[DATA TO EXAMINE]

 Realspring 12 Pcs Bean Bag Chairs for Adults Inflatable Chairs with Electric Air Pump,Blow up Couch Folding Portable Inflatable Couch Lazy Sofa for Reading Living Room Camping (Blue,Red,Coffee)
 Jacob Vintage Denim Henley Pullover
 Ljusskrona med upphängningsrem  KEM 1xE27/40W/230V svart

[/DATA TO EXAMINE]
[DATA TO EXAMINE]

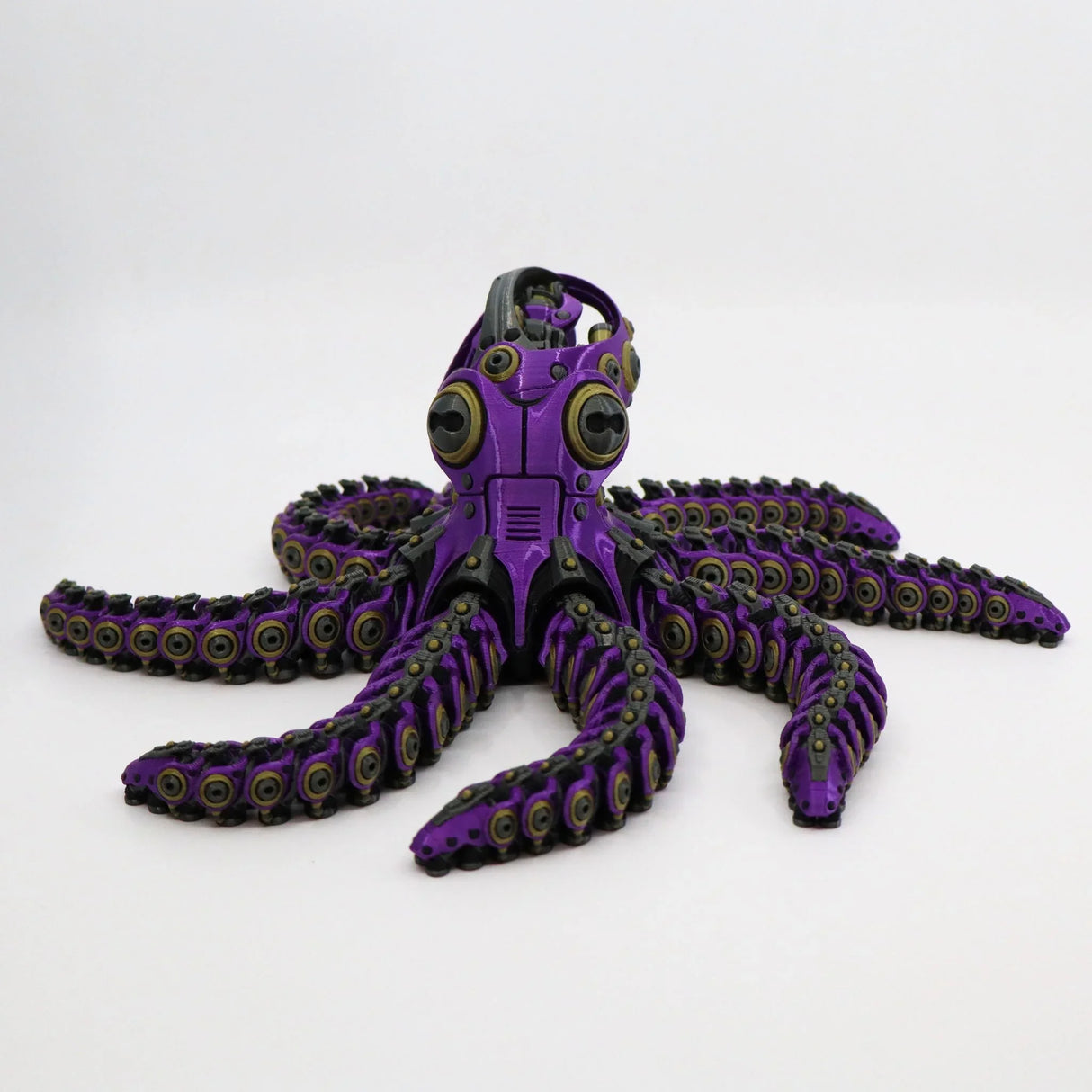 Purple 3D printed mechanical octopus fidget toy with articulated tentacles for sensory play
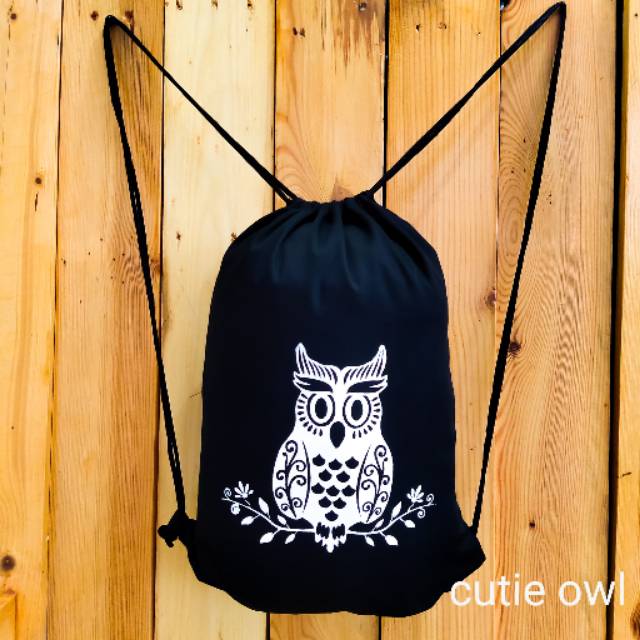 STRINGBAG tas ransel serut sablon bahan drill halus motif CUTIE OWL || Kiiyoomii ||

[/DATA TO EXAMINE]
[DATA TO EXAMINE]

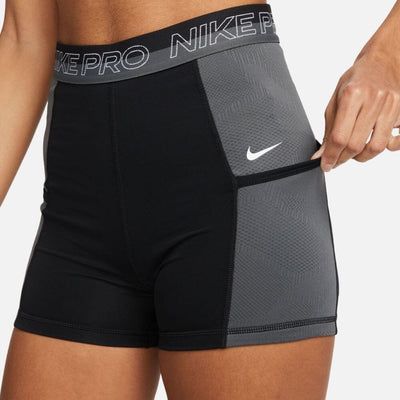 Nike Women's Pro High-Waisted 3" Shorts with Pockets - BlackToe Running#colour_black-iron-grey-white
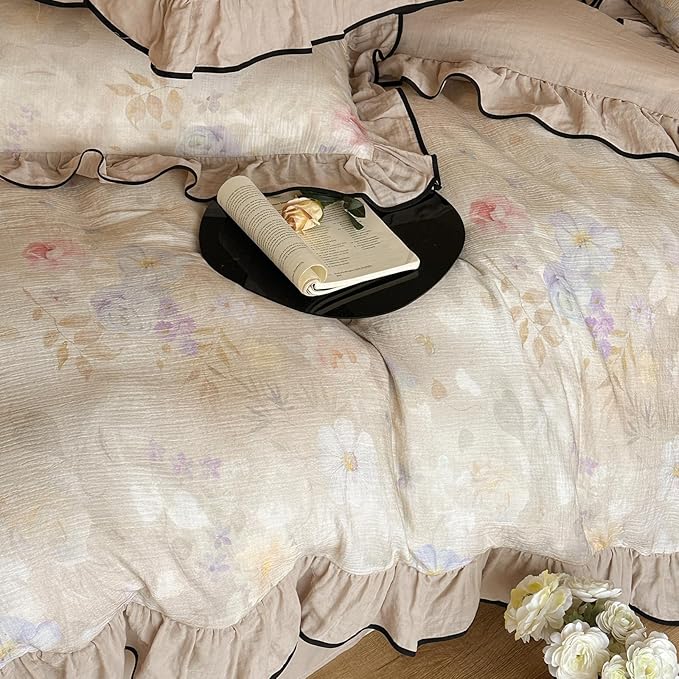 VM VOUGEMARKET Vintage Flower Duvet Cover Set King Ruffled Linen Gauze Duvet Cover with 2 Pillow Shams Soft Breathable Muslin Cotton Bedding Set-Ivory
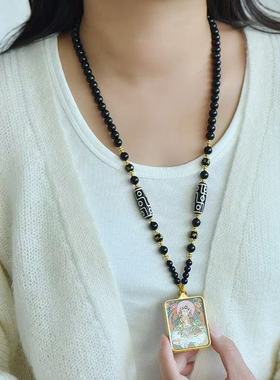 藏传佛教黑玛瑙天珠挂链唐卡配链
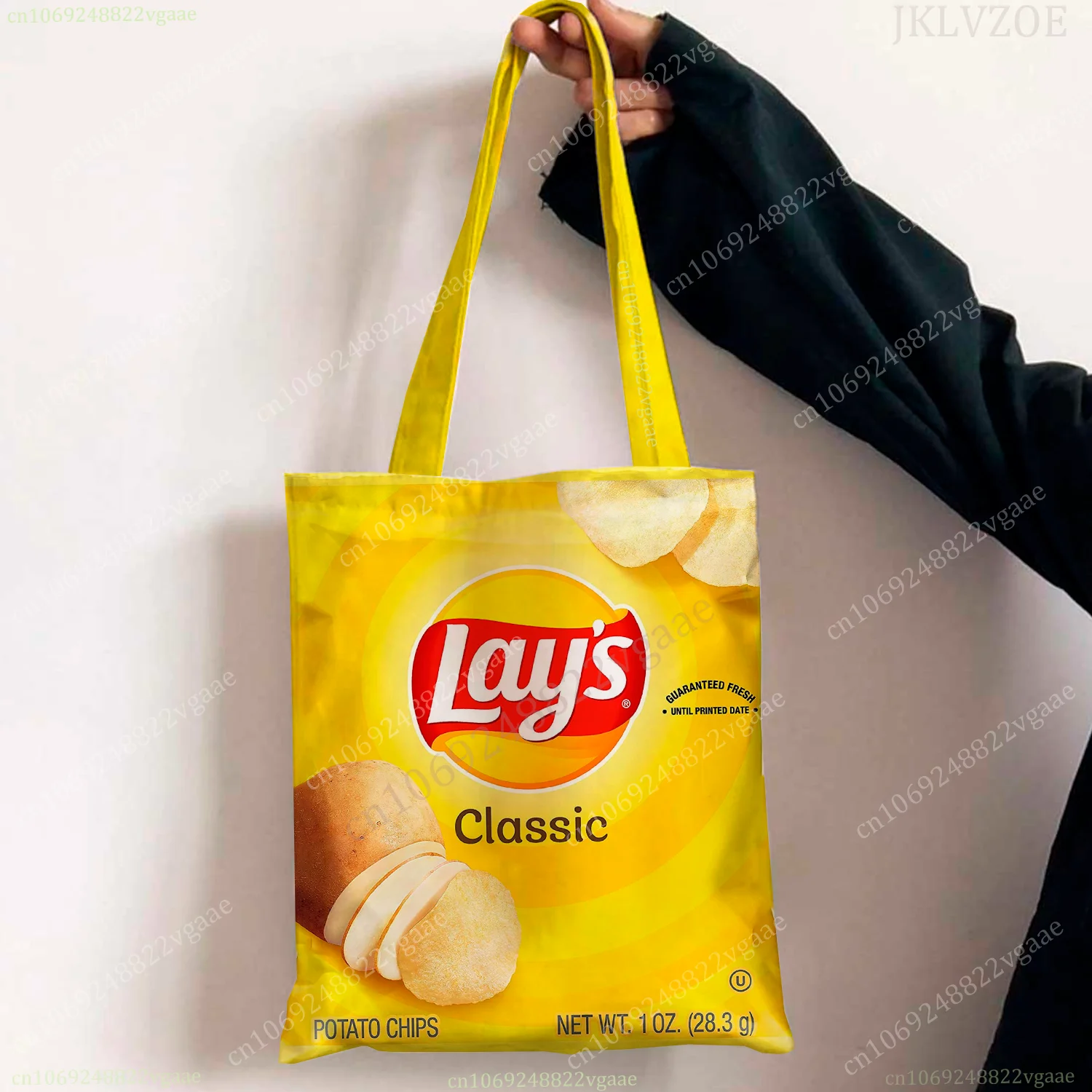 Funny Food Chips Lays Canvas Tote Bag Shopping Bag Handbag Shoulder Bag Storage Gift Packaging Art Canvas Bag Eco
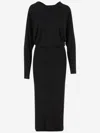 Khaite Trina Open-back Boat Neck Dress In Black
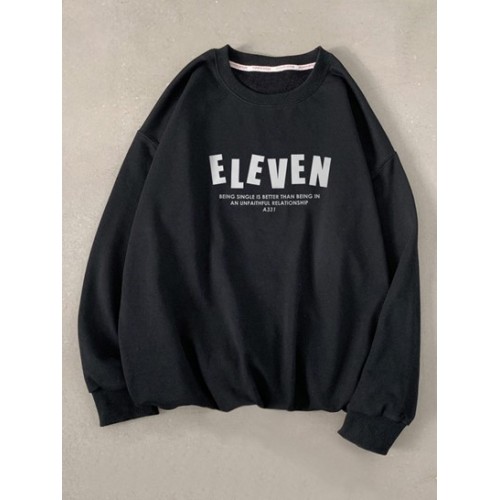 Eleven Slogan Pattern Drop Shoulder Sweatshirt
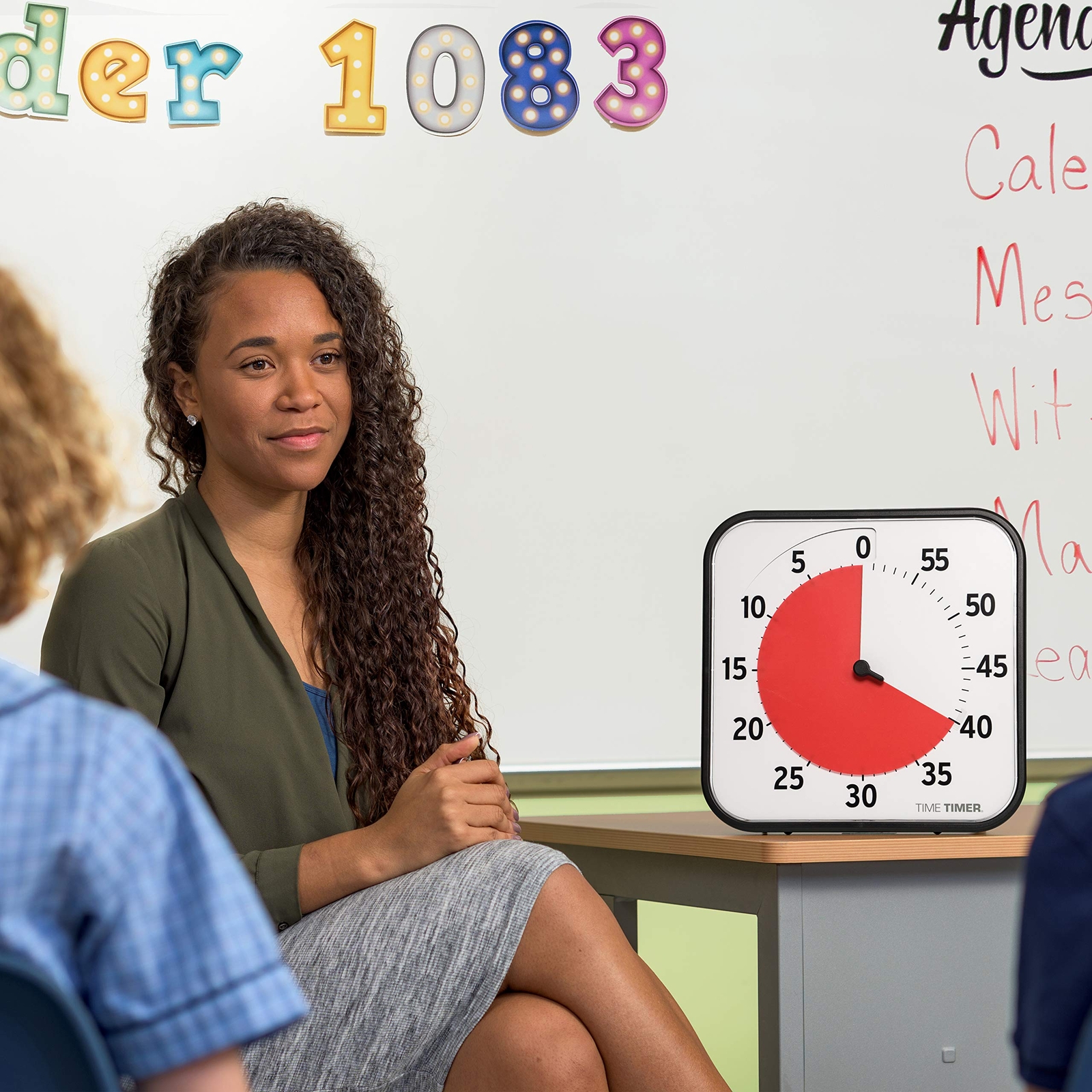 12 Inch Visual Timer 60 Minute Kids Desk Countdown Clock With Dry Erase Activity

[/DATA TO EXAMINE]

• **EXERCISE DESCRIPTION**
Would you output, from the records above, exactly the run of lines that starts at the line containing "Realspring 12 Pcs" and ends at the line containing "Ljusskrona med upphängningsrem", and only that run?

• **ANSWER BELOW**
 Realspring 12 Pcs Bean Bag Chairs for Adults Inflatable Chairs with Electric Air Pump,Blow up Couch Folding Portable Inflatable Couch Lazy Sofa for Reading Living Room Camping (Blue,Red,Coffee)
 Jacob Vintage Denim Henley Pullover
 Ljusskrona med upphängningsrem  KEM 1xE27/40W/230V svart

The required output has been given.